Santa Croce e il dito di Sant’Irene
Passeggiando nel cuore antico tra vicoli e pagine di storia
Mario Cazzato
Narrano le storie che il secondo marito di Maria d’Enghien, Ladislao d’Angio Durazzo, il 1410 donò alla chiesa di Santa Croce una reliquia di sant’Irene che successivamente sapremo consistere in un dito. Fu donata in un prezioso vaso accompagnata da una iscrizione greca. Il tutto passò nella nuova chiesa di Santa Croce, quella cinquecentesca, dove fu vista dal Beatillo e dall’Infantino.
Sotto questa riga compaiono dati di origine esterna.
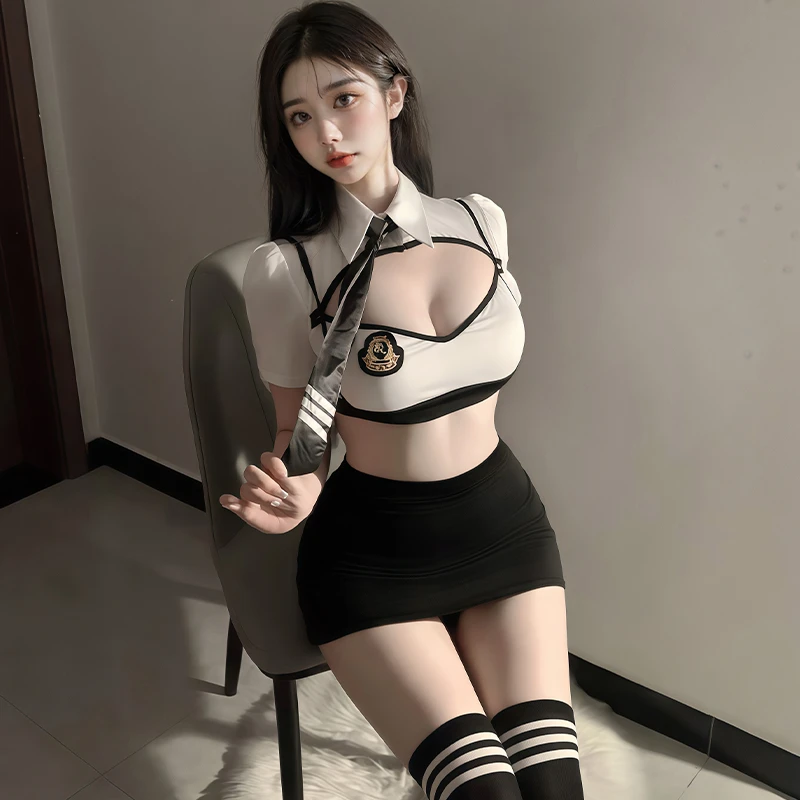 辣妹性感夏季cos夜店酒吧套装诱惑蹦迪舞台制服纯欲风包臀短裙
Il Beatillo la trascrive è ne offre una traduzione in volgare. Sembra che quando si costruì in Santa Croce l’altare delle reliquie quella quattrocentesca di Sant’Irene fu, insieme a moltissime altre, qui collocata. Del prezioso vaso nulla più si seppe. Quindi dalla vecchia Santa Croce nella nuova fu trasportato il sepolcro della contessa e la famosa reliquia, di quella che dopo qualche decennio doveva diventare la protettrice principale di Lecce. Non fu dunque un caso che quando i celestini costruirono il portale principale della loro Chiesa, affidato a Francesco Antonio Zimbalo, vollero fissare in alto, proprio su questo portale, lo stemma della contessa-regina. Una bella storia che lumeggia la particolare mentalità di quei secoli.